Bridges across the Mississippi and Missouri were required to link the Atlantic and Pacific with one continuous ribbon of iron. The first bridge across the Mississippi was not built at New Orleans or St. Louis but at Davenport in 1856. Shortly afterwards, when the steamboat Effie Afton was wrecked on this bridge, Abraham Lincoln was called to represent the railroad men against the steamboat men. Soon bridges spanned the Mississippi at many points. Clinton had its first railroad bridge in 1865; similar structures spanned the Mississippi at Burlington and Dubuque in 1868. A combination railroad and wagon bridge was constructed at Keokuk in 1870. Four years after the Golden Spike was driven at Promontory Point in Utah, the Big Muddy was successfully spanned at Council Bluffs in 1873. The construction of railroad and highway bridges across the rivers and streams of Iowa was a costly but important step in the development of transportation and communication.

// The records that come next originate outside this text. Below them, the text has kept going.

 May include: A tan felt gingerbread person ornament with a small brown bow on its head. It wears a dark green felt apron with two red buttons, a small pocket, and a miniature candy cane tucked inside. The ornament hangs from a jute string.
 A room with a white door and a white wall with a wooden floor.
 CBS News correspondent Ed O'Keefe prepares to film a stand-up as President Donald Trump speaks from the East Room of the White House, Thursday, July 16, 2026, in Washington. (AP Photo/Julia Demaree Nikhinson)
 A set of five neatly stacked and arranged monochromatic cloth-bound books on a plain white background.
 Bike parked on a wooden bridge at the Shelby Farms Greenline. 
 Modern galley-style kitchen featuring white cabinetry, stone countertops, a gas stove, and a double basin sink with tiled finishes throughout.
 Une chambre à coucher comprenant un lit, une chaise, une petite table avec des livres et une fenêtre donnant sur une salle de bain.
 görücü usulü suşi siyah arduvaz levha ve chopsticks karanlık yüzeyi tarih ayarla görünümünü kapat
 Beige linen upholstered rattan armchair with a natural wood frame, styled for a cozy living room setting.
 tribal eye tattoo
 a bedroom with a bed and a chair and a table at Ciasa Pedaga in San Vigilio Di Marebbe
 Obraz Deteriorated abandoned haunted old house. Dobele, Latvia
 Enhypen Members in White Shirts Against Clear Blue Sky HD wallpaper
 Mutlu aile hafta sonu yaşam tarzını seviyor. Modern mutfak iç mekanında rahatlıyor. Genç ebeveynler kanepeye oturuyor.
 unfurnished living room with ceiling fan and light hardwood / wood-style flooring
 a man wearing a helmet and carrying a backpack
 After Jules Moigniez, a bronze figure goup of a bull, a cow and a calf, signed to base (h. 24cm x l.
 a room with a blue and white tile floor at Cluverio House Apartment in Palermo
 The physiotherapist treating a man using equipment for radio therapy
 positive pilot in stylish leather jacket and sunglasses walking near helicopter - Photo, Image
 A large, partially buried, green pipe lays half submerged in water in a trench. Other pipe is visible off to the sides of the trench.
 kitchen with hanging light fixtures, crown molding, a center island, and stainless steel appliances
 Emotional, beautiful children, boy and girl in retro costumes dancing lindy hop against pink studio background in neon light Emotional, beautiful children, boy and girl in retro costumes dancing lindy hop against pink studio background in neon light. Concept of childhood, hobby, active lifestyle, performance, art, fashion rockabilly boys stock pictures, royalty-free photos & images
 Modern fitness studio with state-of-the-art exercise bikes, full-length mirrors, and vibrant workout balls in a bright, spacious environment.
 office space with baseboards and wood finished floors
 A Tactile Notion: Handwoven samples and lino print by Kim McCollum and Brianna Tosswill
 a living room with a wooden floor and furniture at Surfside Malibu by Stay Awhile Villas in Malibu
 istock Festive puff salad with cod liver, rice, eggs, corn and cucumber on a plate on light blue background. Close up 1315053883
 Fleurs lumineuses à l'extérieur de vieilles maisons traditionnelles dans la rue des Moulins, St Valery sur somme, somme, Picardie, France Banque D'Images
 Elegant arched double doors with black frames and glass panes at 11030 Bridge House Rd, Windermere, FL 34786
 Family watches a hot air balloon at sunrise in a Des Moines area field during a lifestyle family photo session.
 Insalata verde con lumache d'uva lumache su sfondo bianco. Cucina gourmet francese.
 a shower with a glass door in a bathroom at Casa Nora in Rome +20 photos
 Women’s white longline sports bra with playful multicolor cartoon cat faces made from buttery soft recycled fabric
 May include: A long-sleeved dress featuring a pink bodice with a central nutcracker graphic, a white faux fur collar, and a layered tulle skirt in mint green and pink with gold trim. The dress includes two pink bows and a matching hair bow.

Probably no other single invention did more to link Iowa with the outside world than did the telegraph. In 1844, two years before Iowa was admitted into the Union, the first telegraph message streaked between Washing ton and Baltimore. In 1848, two years after statehood, the first telegraph wires United Iowa with the east, Keokuk, Burlington, Bloomington (now Muscatine), and Dubuque were the first towns in Iowa to boast telegraphic connection with the Atlantic seaboard. In bold type the press proudly acclaimed that the Hawkeye State was as well informed as to the news of the day as any eastern State. Such bold statements had no small influence in precipitating toward Iowa the mighty avalanche of settlers that rose to flood-tide after 1848. Before 1860 telegraph construction was limited to the eastern border at Iowa and service was exceedingly poor. Telegraph towers, flimsily constructed of wood, were frequently blown down in storms. All too often the poor wire broke, isolating communities for weeks. At such times many people were heard to pine wistfully for the good old days when the stagecoach and the steamboat brought the news.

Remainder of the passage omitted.